Un indicateur de la grave détérioration des conditions de détention cette année est le nombre d’alertes que le bureau du médiateur a envoyées au bureau du procureur général concernant le traitement des prisonniers. En août 2024, il avait lancé 27 alertes, selon des données obtenues par Amnesty International à la suite d’une demande d’informations publiques. Ce chiffre contraste fortement avec le nombre total d’alertes envoyées en 2023 (six) et en 2022 (trois). Outre ces alertes, le bureau du médiateur a signalé au moins 24 décès en détention depuis janvier 2024.

L’entrée des forces armées n’a pas non plus garanti la sécurité du personnel pénitentiaire. Selon les médias, au moins trois directeurs de prison ont été tués cette année, dont le directeur de la prison de Litoral dans la province de Guayas [10], la plus grande du pays, ainsi que les directeurs des prisons des provinces de Manabi [11] et de Sucumbios [12].

Rôle de la communauté internationale

Dans ce contexte, il est crucial que l’Équateur veille à ce que ses politiques de sécurité soient conformes aux lois et aux normes internationales en matière de droits humains. La communauté internationale peut jouer un rôle de poids en exigeant des autorités équatoriennes qu’elles fassent preuve de transparence et de responsabilité. Les 28 et 29 octobre, le Comité des droits de l’homme des Nations unies évaluera les performances de l’Équateur sur le terrain des droits humains, et émettra des recommandations à l’intention du gouvernement.

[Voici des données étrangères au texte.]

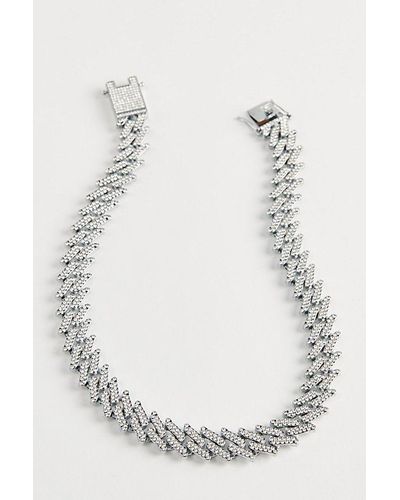 Urban Outfitters Iced Razor Chain Necklace - White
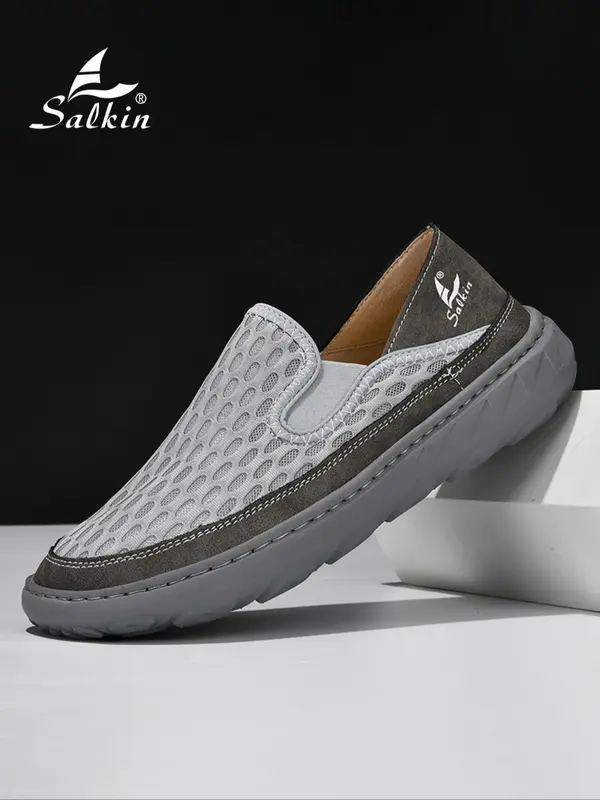 Men's Minimalist Plain Mesh Slip on Sneakers, Casual Comfortable Breathable Low Top Sneakers, Fashionable Sneakers for Daily Wear, Sports Shoes 0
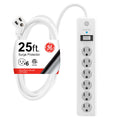 GE 6-Outlet 25ft. Surge Protector with Twist-to-Close Safety Outlet Covers, White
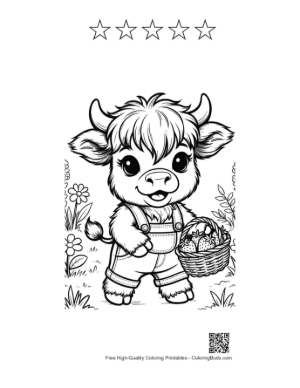 Thumbnail: Cute Baby Highland Cow Gardener with a Flower Basket Printable and 5 Star Outline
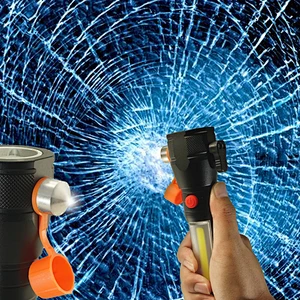 Hot Seller  Outdoor Working Light with Emergency Hammer and belt cutter Aluminium Flashlight COB Light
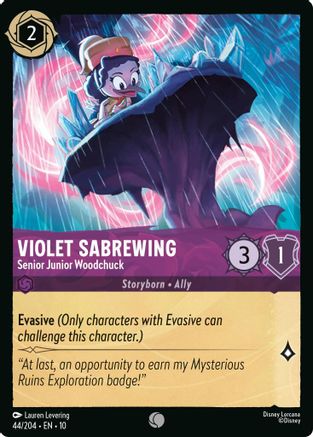 Violet Sabrewing - Senior Junior Woodchuck (44/204) [Whispers in the Well] Cold Foil Lorcana Single Disney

Les États-Unis ont également un rôle clé à jouer dans la défense des droits humains en Équateur, étant donné leur aide financière et leur coopération avec les forces de sécurité, notamment en ce qui concerne le contrôle des stupéfiants et l’application de la loi. Jusqu’en 2023, l’Équateur a reçu [13] plus de 200 millions de dollars de fonds de coopération de la part des États-Unis, principalement à des fins de sécurité et de défense. En février 2024, le président Noboa a ratifié [14] deux accords de coopération militaire avec les États-Unis, établissant un cadre pour les opérations du personnel militaire américain en Équateur et permettant des opérations navales conjointes pour lutter contre le trafic de stupéfiants et d’autres activités illicites. Le Commandement Sud des États-Unis (SOUTHCOM) a en outre récemment accueilli [15] l’Équateur dans le cadre de son initiative en faveur des droits humains. Étant donné leur vaste implication dans les activités de sécurité de l’Équateur, les autorités américaines doivent s’assurer que toute assistance technique et financière à l’Équateur est utilisée conformément au droit international relatif aux droits humains et au droit fédéral américain.